Lord Randolph Churchill, a leading Conservative and father of Winston Churchill, in a successful attempt to thwart Home Rule decided to “play the orange card.” This meant inciting militant Protestants and unionists members of the Orange Order, to rebel against the British authorities to prevent Irish Home Rule becoming a reality.

In this way the unionists golden era became more of an age of orange oligarchy. For the best part of 50 years an Ulster Unionist party ruled over six northeastern Irish counties, sometimes known as Ulster, from its parliamentary seat on Stormont hill on the outskirts of Belfast.

Trust between the Ulster Unionist and British Conservatives was always on shaky ground. After all, Churchill writing to another British conservative declared, “these foul Ulster Tories have always ruined our party,”

The shaky ground did in fact give way in 1971 with the formation of the new Democratic Unionist Party. Treated as something of a joke at the time this rebrand of unionism was more strident in its British identity, more evangelical in its Protestantism, more vocal it its opposition in anything connected to Rome.

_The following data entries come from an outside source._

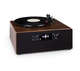 Програвач вінілу Auna Connect Vinyl Cube 10034557 з інтелектуальним радіо (my-5081) - зображення 1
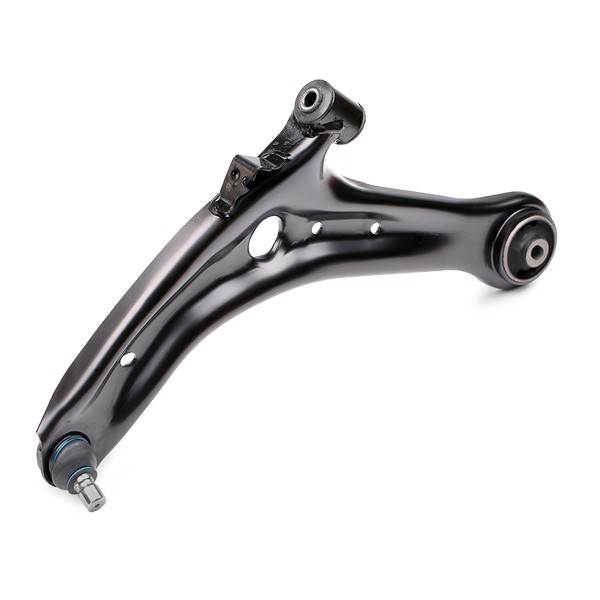 273C0543 Track control arm RIDEX 273C0543 review and test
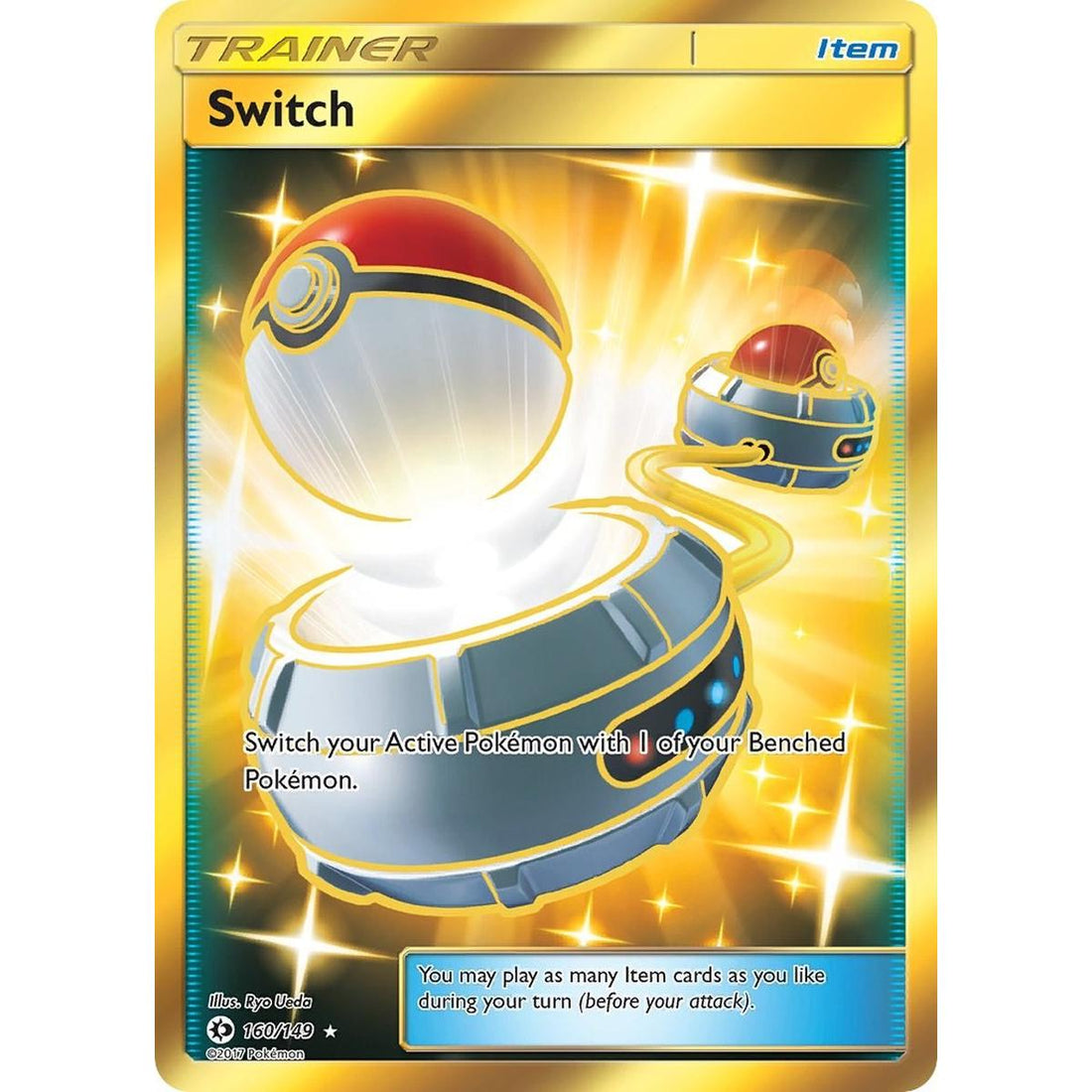 Switch (Secret)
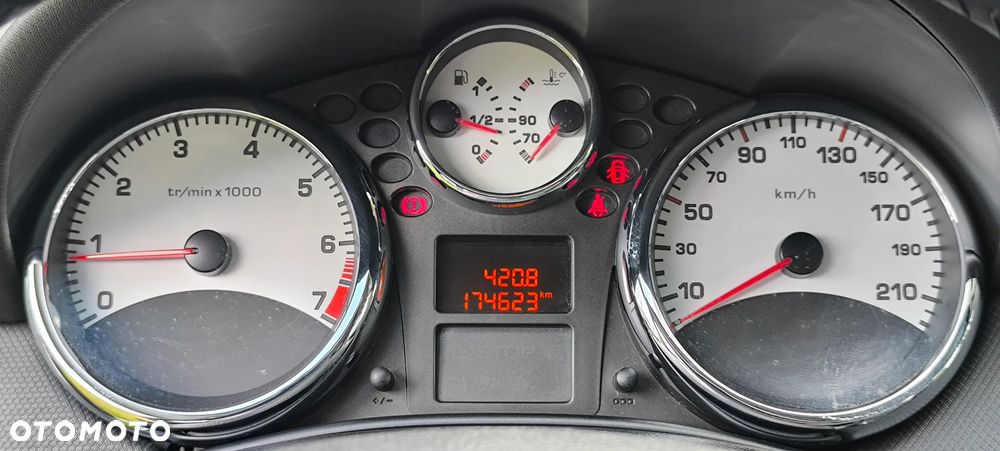 Peugeot 207 1.4 16V Trendy nICE - 31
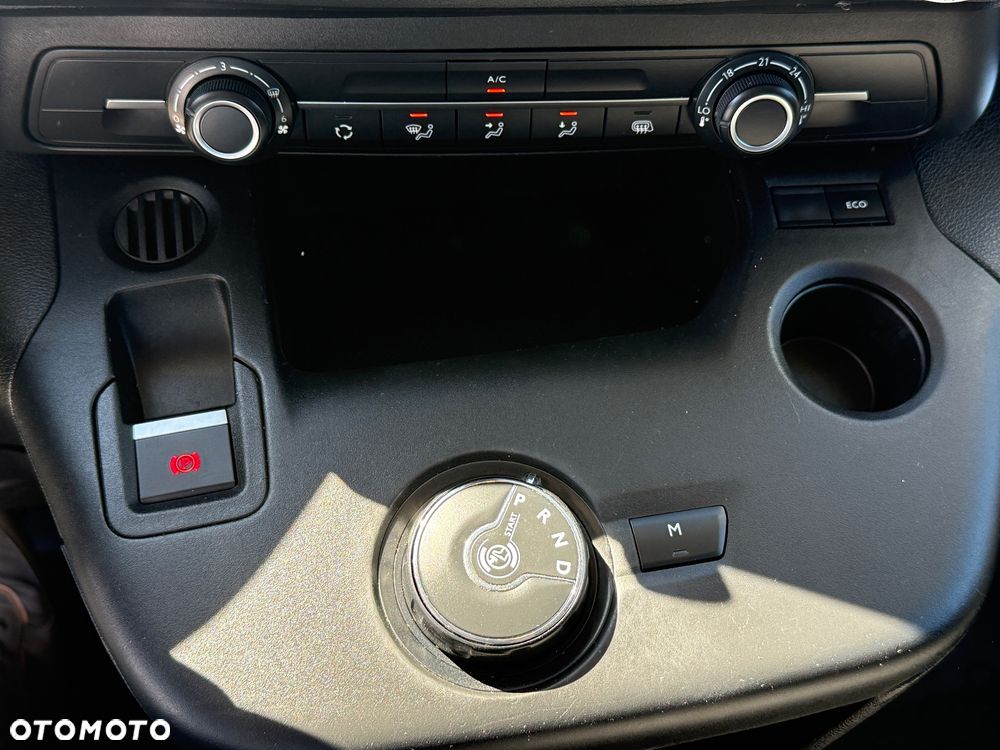 Peugeot PARTNER/Automat/ klima/kamery/ unikat/indywidual - 18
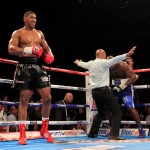 joshua stops johnson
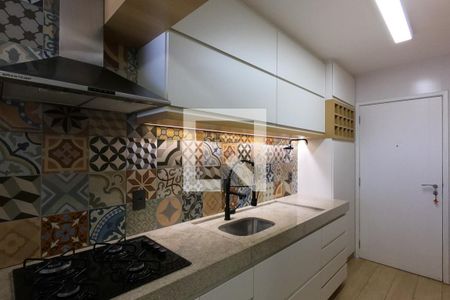 Apartamento para alugar com 92m², 3 quartos e 1 vagaCozinha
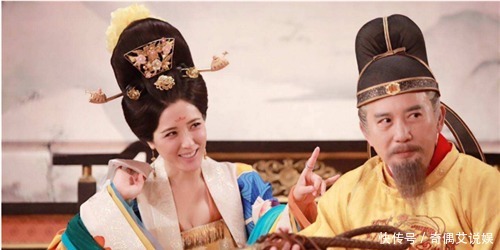 受宠|唐玄宗为她连杀三子，杨贵妃没她受宠，却因姓氏没当上皇后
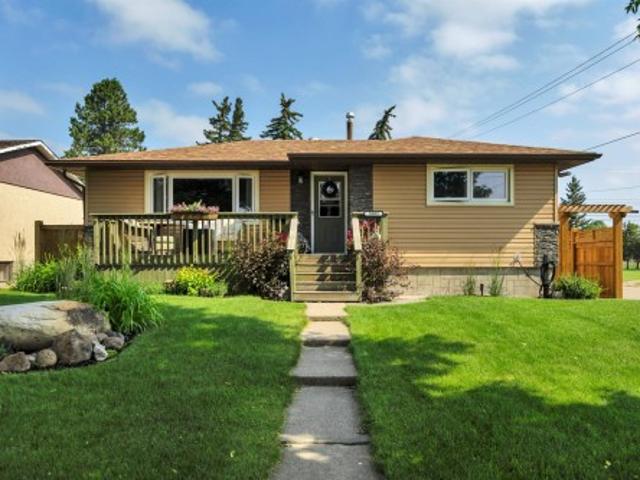 House for sale in Wetaskiwin, Alberta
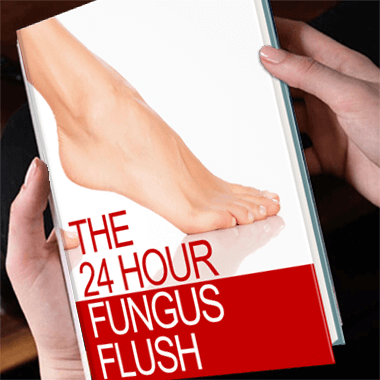 The 24 Hour Fungus Flush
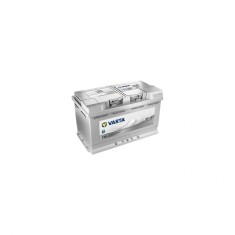 Baterie Auto 12V 85Ah Silver Dynamic, Pornire 800A, Dimensiuni 315 x 175 x 175 mm Borna+ Dreapta Varta 585200080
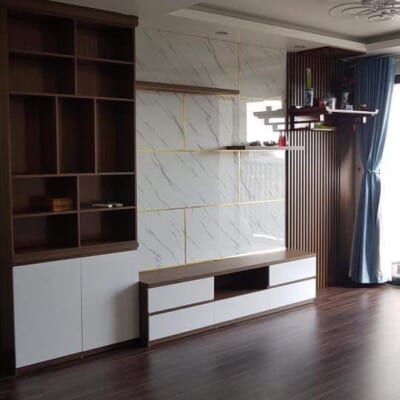Nội Thất Phòng Khách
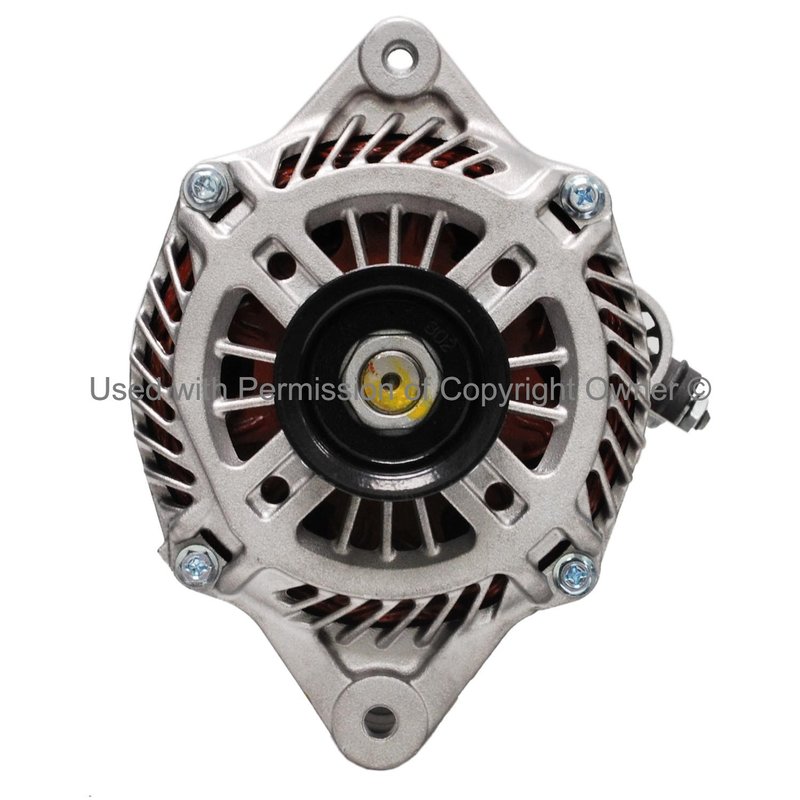 MPA Electrical 15718 Alternator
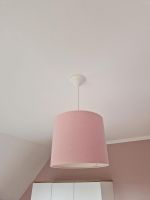 Deckenlampe "Kidsdepot" in rosa Niedersachsen - Blender Vorschau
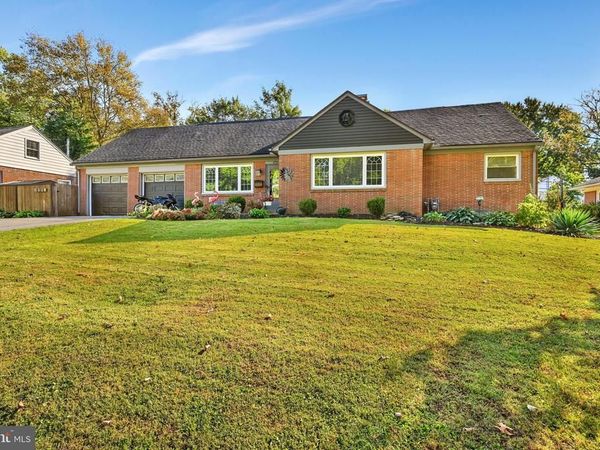 1728 WHEATLAND AVENUE , LANCASTER, PA 17603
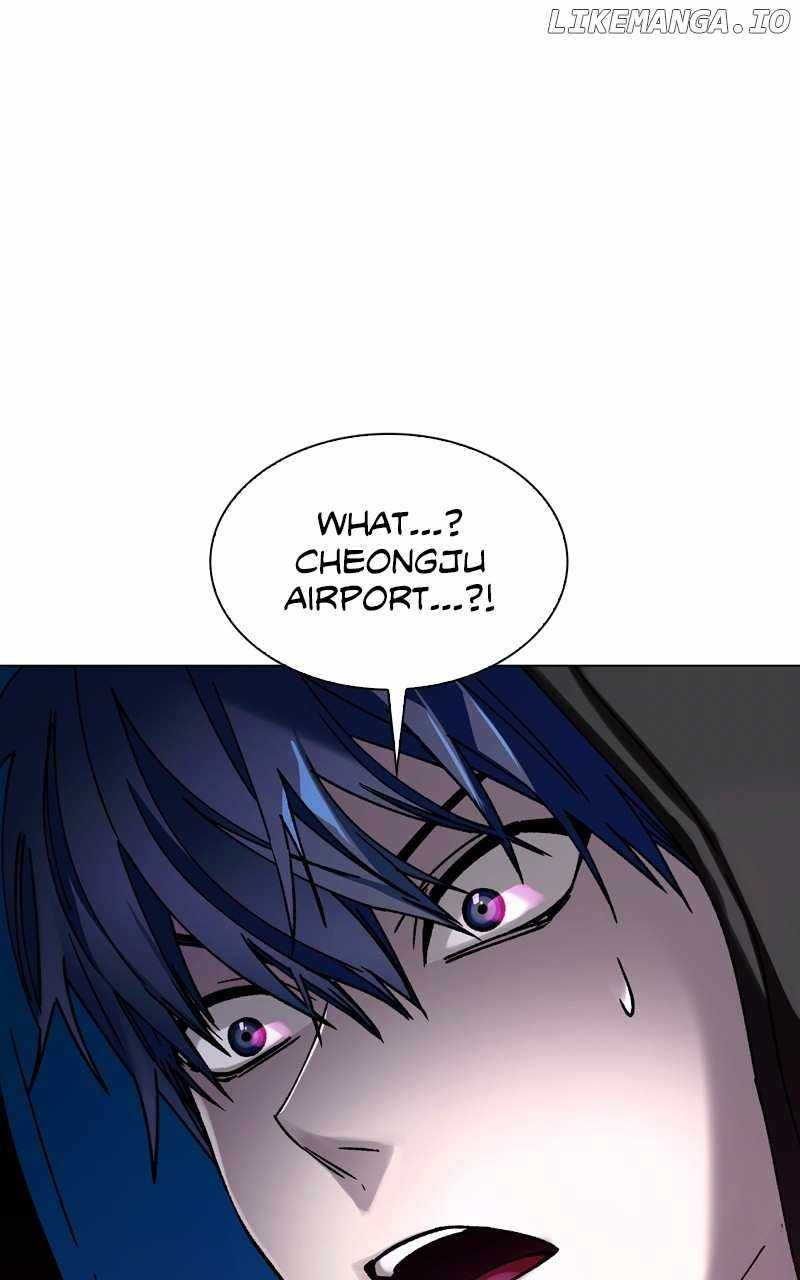 The End of the World is Just a Game to Me chapter 33 page 53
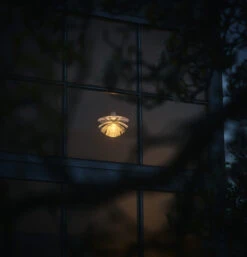 Louis Poulsen PH Septima 12 Louis Poulsen PH Septima -Lightup Butikk Louis Poulsen PH Septima Takpendler Louis Poulsen LP 5741104613 4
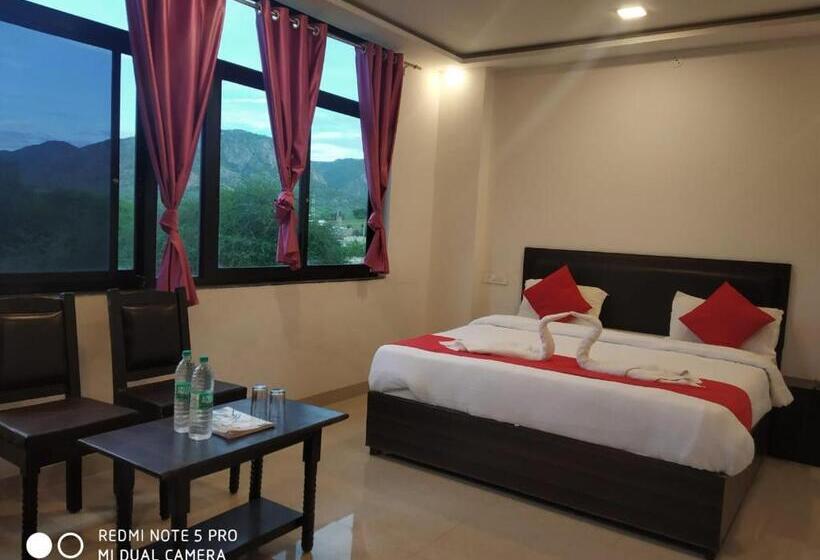 فندق Sunrise   Palace With Rooftop Restaurant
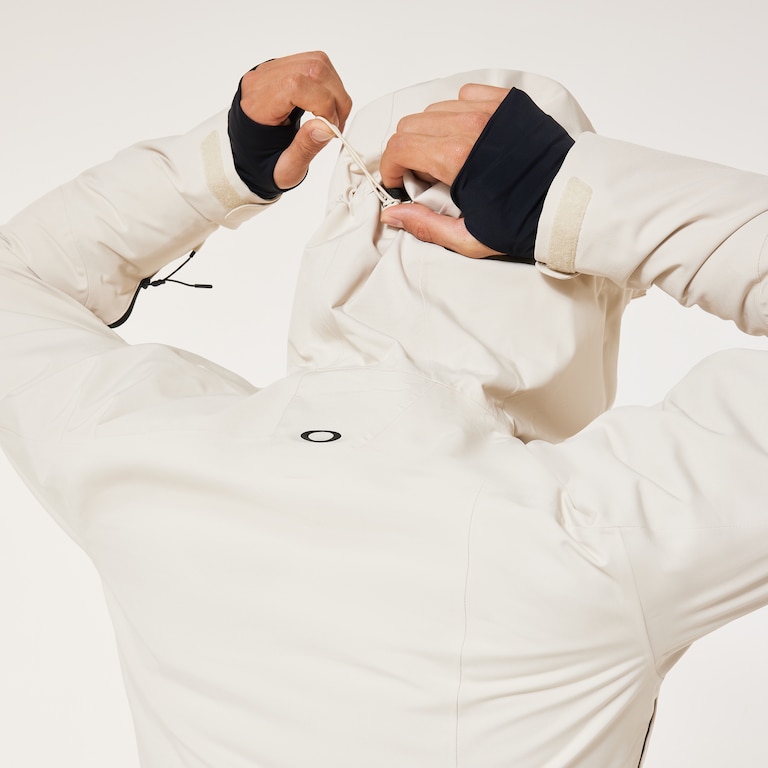 Kendall RC Shell Jacket 2.0 - Mist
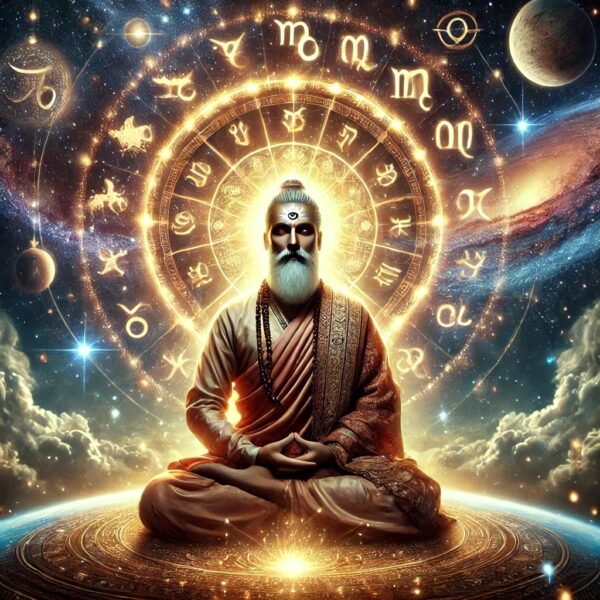 Kundli Vrihat : Horoscope and Prediction for the next 10 Years (in English) - Image 6
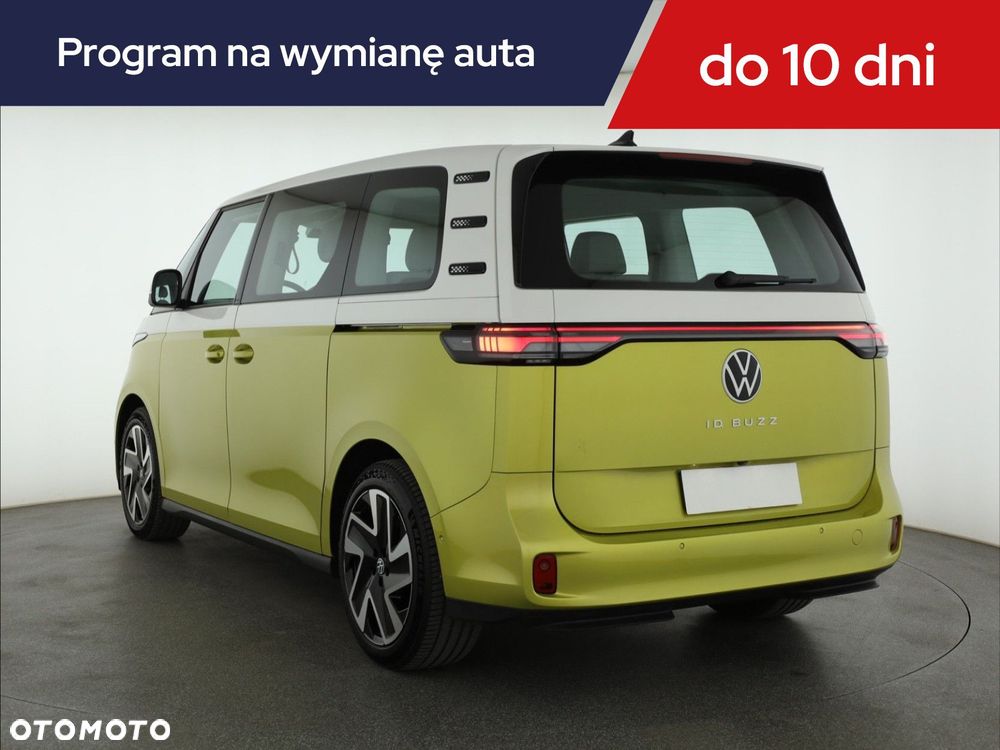 Volkswagen ID. Buzz - 6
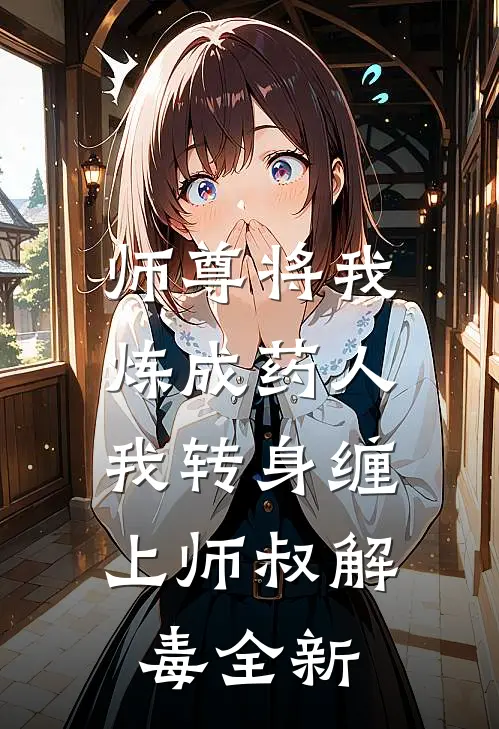 师尊将我炼成药人，我转身缠上师叔解毒全新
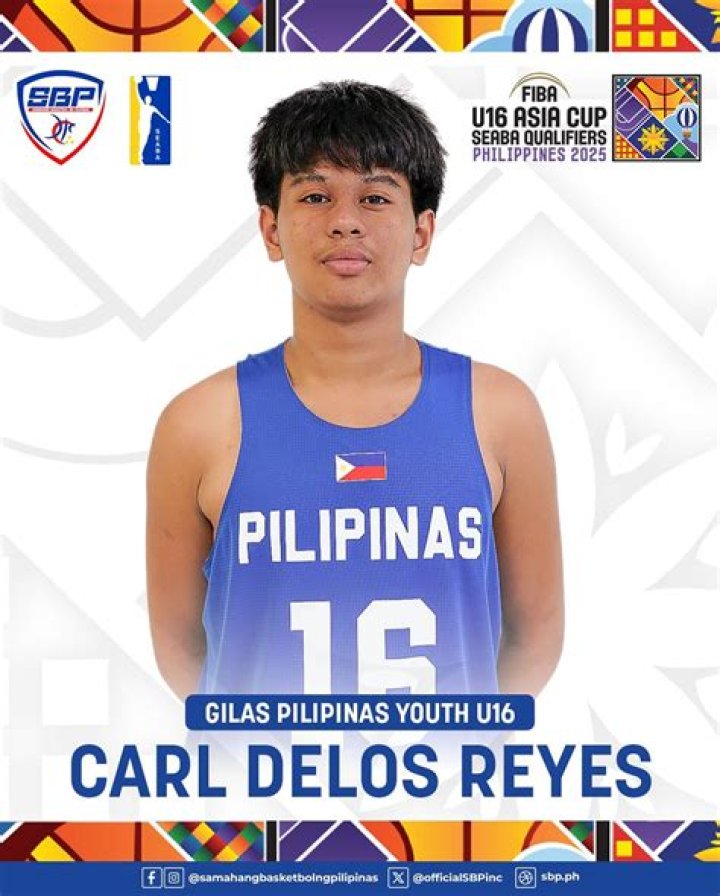 
Jervy Delos Reyes Height, Weight, Net Worth, Age, Birthday, Wikipedia, Who, Nationality, Biography 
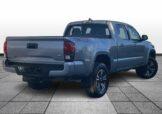 Toyota Tacoma Double Cab Trd Sport Pickup 4D 6 Ft - Thumbnail 8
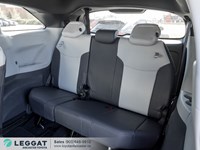 2024 Toyota Sienna XSE 7-Passenger AWD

It was also a damned sight more effective in energizing its electoral base. Its antipathy toward Rome went beyond the Catholic Church, even extending to the 1957 European Treaty of Rome, bed plate of the European Union.

For the DUP the ground is still shaking. The UK might have a one way ticket out of the EU. But the last time the DUP sat in government at Stormont, which, incidentally was two years ago this month, it had to do so as partners with the Irish nationalist party, Sinn Fein. The strained entente cordiale turned rancid and the Northern Ireland Assembly ceased to assemble.

These two forms of nationalism (British and Irish) don’t really get along together. Sinn Fein is a nationalist, all-Ireland party which has come out in support of gay rights, a woman’s right to control her own fertility, including legal access to pregnancy termination. And it wants to remain in the EU. The DUP opposes the right to abortion and wants to leave the EU.

Since it came to a “supply and demand” agreement– something few of us had ever heard of before – with fellow conservatives’ at Westminster the DUP has become a crutch propping up a weak Tory government. For this Northern Ireland’s Stormont administration gets 1 billion British pounds sterling (almost 1.3 billion US$)

That came out of the petty cash box. The real problem lies with the international border between the two Irelands. At present it’s an open border, with more or less hassle free crossing points, as exists between all EU states.

A so called “hard border” between the two Irelands would mean customs posts, searches and additional bureaucracy. Nobody seems to want that. It could also mean bombs. Customs posts have been a traditional target for those Irish republican who are intent on armed struggle. So a soft border has been proposed, less bureaucratic, less bomb enticing.

To avoid such nastiness “backstop” has attained top media attention. So what is the backstop? It seems to be even more indefinable than sectarianism.

But it is likely to be a legal agreement. Except that there is no agreement. As some in Ireland say, “may the saints preserve us”, so the backstop would preserve peace on the troubled island and the less- than- marvelous economies of both jurisdictions.

The exit door is an ever diminishing time span away but it is not yet clearly in focus. The DUP, described by enlightened commentators as socially conservative and economically liberal – remember the billion quid pay off –is having none of the proposed backstop and border variants.

Perhaps the enlightened are being over generous in their commentary. The DUP stalwarts are more intent on holding onto whatever resources, material and spiritual, their grip on political office affords them.

Sam Gordon worked in a Belfast factory, then an engineer in the merchant navy, a trainer, researcher and co-coordinator of community projects in Scotland. A graduate from various universities, on a good day he claims he’s a decorative artist and sometimes writer. Most days he’s a blacksmith, welder, and painter in Nicaragua.